Craig Taylor

Personal information
- Date of birth: 24 January 1974 (age 52)
- Place of birth: Plymouth, Devon, England
- Position: Central defender

Senior career*
- Years: Team / Apps / (Gls)
- 1993–199?: Exeter City
- 199?–1997: Dorchester Town
- 1997–1999: Swindon Town / 58 / (3)
- 1998: → Plymouth Argyle (loan) / 6 / (1)
- 1999–2003: Plymouth Argyle / 82 / (6)
- 2003: → Torquay United (loan) / 5 / (0)
- 2003–2007: Torquay United / 123 / (5)

= Craig Taylor (footballer) =

English footballer

Craig Taylor (born 24 January 1974) is an English former professional footballer.

Taylor was born in Plymouth. He began his professional football career with Exeter City in June 1992, and made 5 first team appearances before dropping into the non-leagues with Dorchester Town.

In April 1997, he joined Swindon Town for a fee of £25,000 playing over 60 games for the First Division club.
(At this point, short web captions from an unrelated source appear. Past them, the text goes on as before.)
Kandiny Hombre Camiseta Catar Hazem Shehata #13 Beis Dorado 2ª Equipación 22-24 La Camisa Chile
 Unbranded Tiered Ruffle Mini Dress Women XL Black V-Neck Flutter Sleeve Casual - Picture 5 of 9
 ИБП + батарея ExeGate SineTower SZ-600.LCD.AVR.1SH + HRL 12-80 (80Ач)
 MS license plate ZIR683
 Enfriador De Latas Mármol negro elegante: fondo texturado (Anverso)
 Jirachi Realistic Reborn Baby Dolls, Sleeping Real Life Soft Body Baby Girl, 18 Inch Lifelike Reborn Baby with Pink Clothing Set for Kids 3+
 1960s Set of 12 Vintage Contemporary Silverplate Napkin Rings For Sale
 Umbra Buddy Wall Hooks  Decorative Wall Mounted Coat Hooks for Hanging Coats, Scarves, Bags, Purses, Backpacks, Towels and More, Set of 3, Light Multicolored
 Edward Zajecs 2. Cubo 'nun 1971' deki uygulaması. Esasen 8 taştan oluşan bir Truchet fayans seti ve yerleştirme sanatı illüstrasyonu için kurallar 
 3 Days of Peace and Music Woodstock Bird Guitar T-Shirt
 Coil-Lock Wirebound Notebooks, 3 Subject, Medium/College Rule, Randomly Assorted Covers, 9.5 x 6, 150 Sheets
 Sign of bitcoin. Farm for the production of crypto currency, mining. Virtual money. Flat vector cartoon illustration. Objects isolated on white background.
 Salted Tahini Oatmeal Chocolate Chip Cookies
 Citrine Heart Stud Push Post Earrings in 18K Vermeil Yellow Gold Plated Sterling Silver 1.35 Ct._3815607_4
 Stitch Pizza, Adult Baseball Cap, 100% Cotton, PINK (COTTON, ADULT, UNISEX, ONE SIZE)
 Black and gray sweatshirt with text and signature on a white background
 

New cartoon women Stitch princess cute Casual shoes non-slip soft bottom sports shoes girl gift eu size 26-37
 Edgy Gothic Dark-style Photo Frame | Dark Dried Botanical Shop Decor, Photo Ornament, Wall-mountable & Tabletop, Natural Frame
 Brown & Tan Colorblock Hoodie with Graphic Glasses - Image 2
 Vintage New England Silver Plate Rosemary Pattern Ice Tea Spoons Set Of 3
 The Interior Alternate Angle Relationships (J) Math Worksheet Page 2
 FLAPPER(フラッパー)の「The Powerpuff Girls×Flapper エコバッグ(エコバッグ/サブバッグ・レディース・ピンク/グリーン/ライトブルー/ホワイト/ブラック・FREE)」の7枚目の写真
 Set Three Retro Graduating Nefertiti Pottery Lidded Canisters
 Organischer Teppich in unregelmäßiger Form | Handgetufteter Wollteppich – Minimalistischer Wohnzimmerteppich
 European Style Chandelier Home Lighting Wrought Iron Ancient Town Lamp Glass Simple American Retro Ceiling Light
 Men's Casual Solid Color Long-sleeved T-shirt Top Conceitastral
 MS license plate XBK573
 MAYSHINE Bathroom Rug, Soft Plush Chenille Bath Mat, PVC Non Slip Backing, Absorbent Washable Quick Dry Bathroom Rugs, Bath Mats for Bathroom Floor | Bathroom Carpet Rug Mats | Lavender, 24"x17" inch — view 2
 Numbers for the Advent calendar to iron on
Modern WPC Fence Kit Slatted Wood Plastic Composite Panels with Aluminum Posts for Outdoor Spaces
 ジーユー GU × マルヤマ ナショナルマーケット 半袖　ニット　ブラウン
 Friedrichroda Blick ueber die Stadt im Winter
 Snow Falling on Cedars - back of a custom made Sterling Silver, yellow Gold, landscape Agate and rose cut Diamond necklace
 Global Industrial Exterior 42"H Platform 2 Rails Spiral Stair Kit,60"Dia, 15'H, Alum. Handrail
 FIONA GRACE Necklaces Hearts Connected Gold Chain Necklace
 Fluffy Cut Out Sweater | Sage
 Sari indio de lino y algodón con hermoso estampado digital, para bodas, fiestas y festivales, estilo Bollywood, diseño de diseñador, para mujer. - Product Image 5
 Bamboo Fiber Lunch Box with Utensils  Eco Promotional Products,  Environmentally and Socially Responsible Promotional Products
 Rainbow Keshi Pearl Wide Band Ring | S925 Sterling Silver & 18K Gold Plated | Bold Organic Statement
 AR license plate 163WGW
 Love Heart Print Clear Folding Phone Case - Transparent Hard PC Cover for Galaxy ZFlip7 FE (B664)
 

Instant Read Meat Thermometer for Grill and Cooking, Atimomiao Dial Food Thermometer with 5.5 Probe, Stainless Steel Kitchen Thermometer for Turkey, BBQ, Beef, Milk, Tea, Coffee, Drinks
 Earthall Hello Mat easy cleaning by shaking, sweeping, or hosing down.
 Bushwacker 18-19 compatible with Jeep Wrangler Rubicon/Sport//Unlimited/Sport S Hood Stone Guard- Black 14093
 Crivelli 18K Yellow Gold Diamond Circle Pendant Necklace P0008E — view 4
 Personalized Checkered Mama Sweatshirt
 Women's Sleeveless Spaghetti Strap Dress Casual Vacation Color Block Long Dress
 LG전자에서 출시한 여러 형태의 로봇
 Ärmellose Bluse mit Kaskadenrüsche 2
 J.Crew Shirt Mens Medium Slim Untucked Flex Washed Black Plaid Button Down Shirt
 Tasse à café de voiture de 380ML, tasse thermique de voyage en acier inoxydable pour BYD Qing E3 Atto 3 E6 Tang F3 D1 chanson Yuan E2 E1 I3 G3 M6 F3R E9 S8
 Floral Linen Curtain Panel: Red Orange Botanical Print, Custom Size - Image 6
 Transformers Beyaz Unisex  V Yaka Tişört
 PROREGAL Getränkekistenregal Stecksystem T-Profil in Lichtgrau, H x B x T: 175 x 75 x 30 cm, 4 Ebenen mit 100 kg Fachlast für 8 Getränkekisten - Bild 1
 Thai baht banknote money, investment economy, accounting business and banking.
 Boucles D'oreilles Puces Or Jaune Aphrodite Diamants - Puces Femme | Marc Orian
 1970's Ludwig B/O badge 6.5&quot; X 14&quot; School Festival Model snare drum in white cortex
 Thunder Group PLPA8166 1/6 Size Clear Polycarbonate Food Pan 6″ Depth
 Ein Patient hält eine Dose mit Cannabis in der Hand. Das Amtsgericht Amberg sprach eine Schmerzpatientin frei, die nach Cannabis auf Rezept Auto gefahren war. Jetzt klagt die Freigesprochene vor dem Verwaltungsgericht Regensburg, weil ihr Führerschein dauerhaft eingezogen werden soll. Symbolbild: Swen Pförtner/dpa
He had a month on loan with Plymouth Argyle from October 1998 and moved to Plymouth in August 1999, for a fee of £30,000. Taylor was made captain of his home team, making almost 100 appearances during his spell there. A broken ankle against Southend United put Taylor out for the best part of 2 years.

In February 2003, Taylor joined Torquay United on loan, initially for a month's cover as both Sean Hankin and Steve Woods were sidelined with injuries. The loan deal was extended to the end of the season and he signed for Torquay on a free transfer in June 2003.

The following season (2003/2004) he captained The Gulls to promotion to League One.

He spent much of the early part of the 2006–07 season out of the Torquay side due to injury, but returned to the squad as an unused substitute in the 1–0 defeat at home to Boston United on 16 December 2006. On his last appearance Taylor played in the 1–1 draw with Leyton Orient, scoring Torquay's only goal. Taylor retired from football in May 2007 due to recurring back and ankle injuries.

His brother Shaun also played professionally for Swindon Town.